About this exercise
Reproduce, exactly, the lines of the material below from the line containing "Knipex Πλαγιοκόφτης Πλάγιος Μήκους 115mm" through the line containing "Asmodee 7 Wonders", with both end lines included and nothing else.

Given records
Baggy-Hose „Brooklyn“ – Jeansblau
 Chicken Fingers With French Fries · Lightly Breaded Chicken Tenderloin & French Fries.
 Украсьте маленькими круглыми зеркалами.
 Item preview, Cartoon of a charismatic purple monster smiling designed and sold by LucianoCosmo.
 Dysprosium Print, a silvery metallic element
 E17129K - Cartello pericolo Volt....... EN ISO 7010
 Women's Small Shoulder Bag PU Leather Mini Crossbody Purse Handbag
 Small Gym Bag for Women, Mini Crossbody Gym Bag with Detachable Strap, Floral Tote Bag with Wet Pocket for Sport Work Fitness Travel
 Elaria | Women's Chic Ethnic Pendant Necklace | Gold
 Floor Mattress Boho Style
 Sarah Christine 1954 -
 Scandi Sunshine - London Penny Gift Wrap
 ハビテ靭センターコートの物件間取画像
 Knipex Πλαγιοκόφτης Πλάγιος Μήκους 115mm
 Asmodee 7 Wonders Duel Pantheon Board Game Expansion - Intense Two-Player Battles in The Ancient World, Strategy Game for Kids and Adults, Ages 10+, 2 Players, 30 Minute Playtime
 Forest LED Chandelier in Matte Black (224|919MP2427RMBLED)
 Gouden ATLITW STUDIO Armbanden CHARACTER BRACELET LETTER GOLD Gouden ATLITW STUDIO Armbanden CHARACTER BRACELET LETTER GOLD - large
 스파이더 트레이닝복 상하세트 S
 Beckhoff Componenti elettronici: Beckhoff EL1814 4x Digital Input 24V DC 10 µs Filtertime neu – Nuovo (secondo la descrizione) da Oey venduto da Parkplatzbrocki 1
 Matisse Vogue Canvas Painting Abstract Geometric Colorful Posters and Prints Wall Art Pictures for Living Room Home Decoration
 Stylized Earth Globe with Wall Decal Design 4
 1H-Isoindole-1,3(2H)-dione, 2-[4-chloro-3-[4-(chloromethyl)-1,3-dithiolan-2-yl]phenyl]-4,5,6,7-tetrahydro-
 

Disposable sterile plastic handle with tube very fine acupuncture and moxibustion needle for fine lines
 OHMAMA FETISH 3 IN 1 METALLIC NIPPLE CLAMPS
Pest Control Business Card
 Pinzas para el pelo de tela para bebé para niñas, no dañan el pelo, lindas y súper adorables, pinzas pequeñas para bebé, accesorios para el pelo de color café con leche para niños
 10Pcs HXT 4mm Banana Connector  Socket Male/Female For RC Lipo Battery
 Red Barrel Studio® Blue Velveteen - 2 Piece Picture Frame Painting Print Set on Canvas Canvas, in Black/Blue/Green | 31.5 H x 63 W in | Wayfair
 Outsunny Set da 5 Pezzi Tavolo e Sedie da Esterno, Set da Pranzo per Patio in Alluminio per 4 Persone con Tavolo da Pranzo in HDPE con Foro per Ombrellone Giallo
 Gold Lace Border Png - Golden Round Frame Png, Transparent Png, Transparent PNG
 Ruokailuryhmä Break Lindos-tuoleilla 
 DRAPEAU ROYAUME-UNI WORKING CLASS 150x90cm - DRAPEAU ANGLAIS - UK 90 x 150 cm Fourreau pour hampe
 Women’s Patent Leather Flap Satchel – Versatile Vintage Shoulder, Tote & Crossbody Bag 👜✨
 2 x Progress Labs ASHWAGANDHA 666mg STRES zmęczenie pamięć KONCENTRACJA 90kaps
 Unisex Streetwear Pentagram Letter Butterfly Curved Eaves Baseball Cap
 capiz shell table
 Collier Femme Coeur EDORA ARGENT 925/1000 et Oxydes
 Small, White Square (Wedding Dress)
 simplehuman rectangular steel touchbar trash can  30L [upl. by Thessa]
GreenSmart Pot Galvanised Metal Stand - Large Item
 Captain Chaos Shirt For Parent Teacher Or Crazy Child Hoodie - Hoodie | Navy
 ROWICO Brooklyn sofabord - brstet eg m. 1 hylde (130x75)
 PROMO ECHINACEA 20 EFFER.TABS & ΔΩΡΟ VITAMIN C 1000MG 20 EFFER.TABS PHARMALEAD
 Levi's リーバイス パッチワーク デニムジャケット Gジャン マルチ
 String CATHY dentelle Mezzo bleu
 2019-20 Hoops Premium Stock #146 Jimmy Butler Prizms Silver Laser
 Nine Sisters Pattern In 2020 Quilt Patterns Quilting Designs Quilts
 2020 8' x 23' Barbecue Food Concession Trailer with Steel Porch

Response to the exercise
 Knipex Πλαγιοκόφτης Πλάγιος Μήκους 115mm
 Asmodee 7 Wonders Duel Pantheon Board Game Expansion - Intense Two-Player Battles in The Ancient World, Strategy Game for Kids and Adults, Ages 10+, 2 Players, 30 Minute Playtime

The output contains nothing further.